■ Assigned task: Write out the listing from the line with "is mancurus brazil tropical weather" to the line with "Зима в парке", both lines included, exactly and nothing beyond. Leave pictures out.

■ Exercise material:
══════════
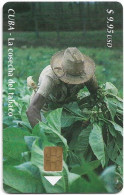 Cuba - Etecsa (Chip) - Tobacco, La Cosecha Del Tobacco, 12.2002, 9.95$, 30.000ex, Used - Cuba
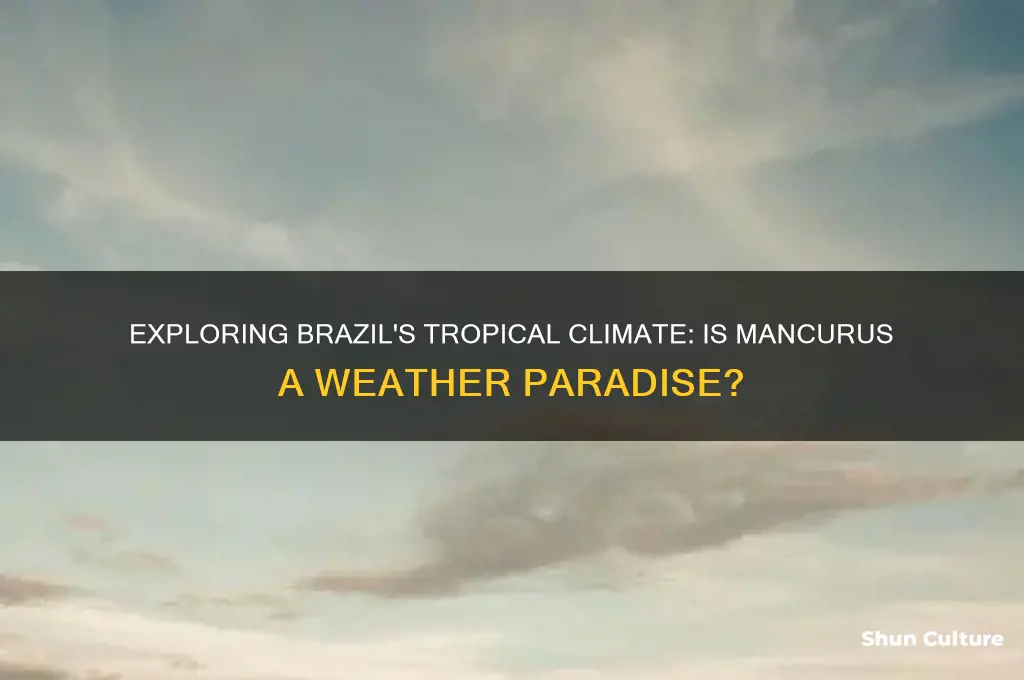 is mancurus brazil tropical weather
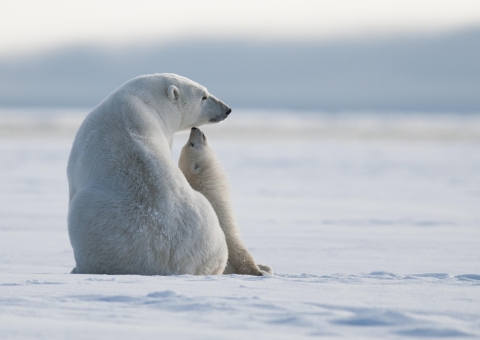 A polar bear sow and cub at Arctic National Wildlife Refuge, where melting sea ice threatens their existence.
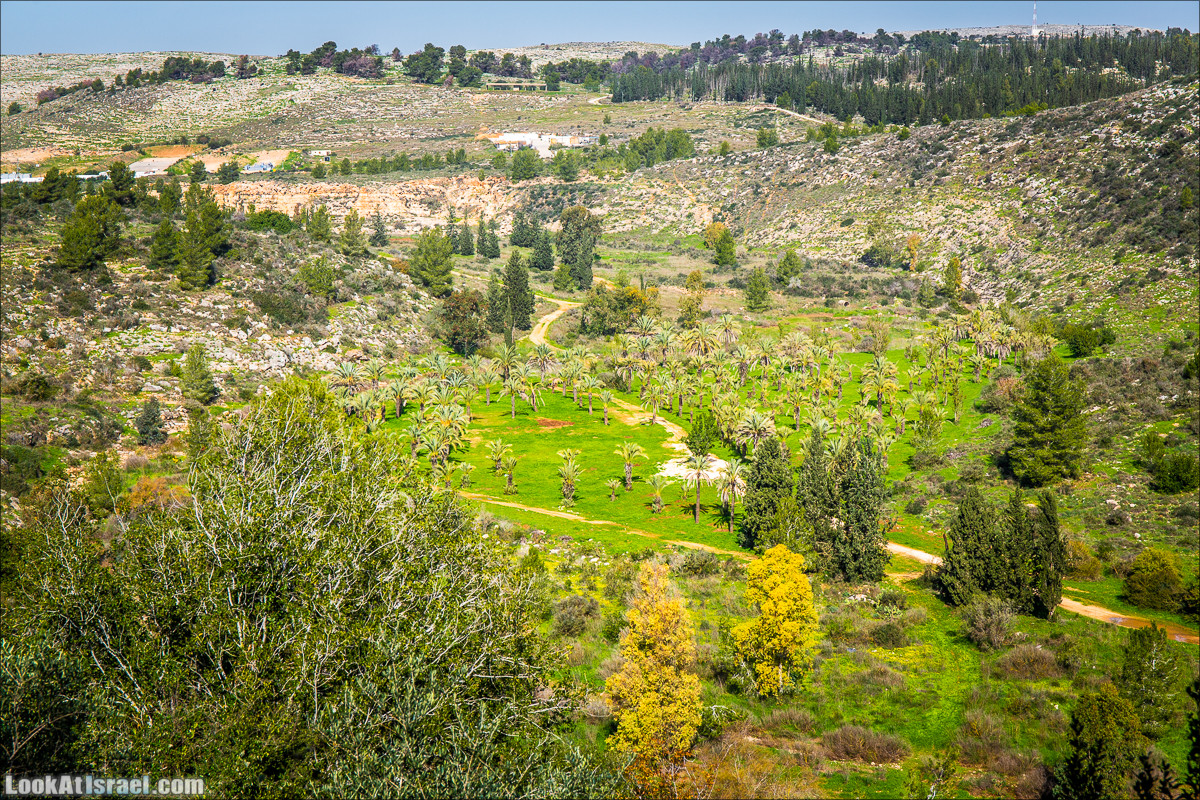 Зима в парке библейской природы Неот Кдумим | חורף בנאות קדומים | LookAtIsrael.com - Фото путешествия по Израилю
══════════
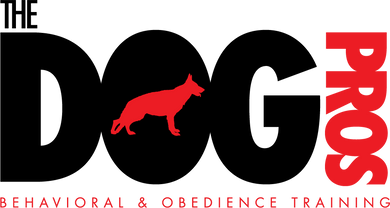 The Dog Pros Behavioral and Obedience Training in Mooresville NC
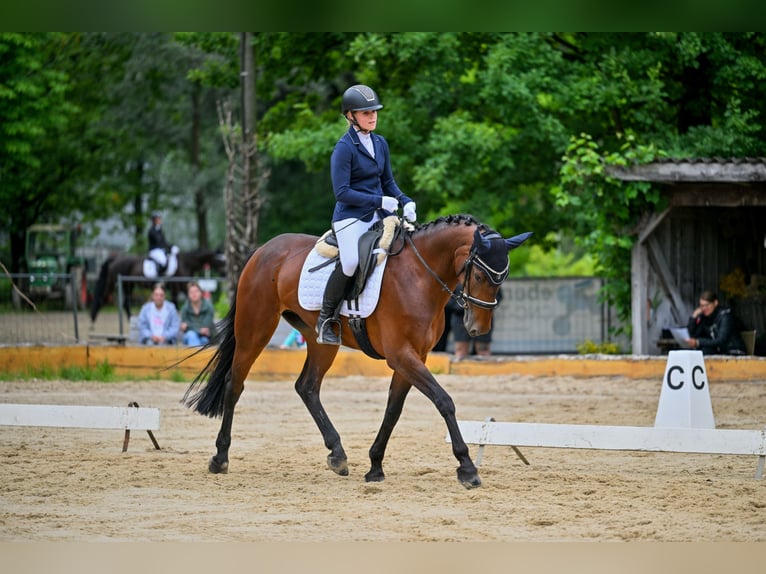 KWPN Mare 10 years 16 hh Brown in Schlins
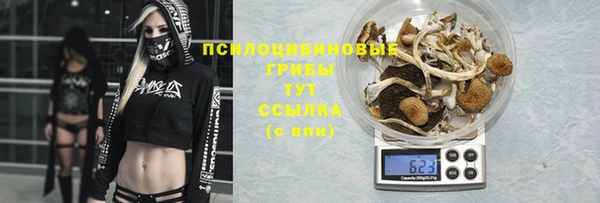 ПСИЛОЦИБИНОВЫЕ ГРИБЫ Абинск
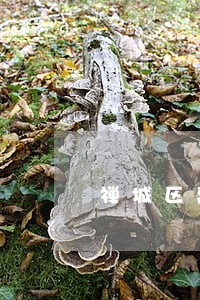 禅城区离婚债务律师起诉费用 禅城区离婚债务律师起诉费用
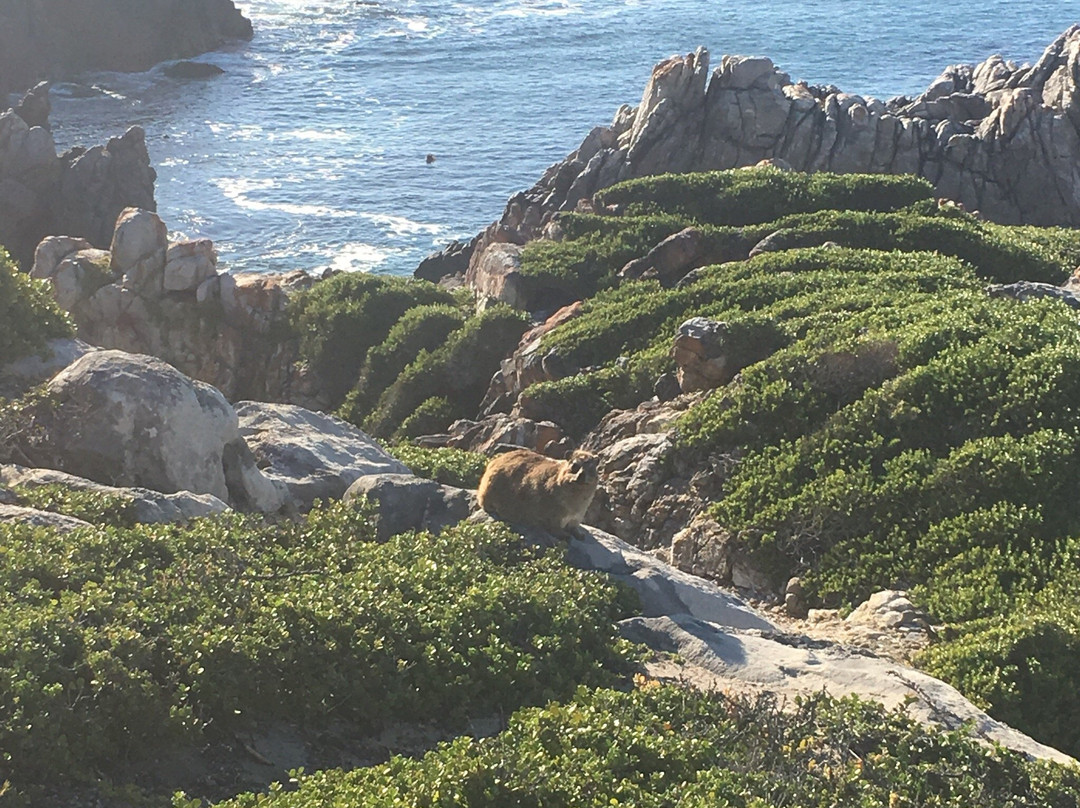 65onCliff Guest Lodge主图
══════════
■ Reply:
 is mancurus brazil tropical weather
 A polar bear sow and cub at Arctic National Wildlife Refuge, where melting sea ice threatens their existence.
 Зима в парке библейской природы Неот Кдумим | חורף בנאות קדומים | LookAtIsrael.com - Фото путешествия по Израилю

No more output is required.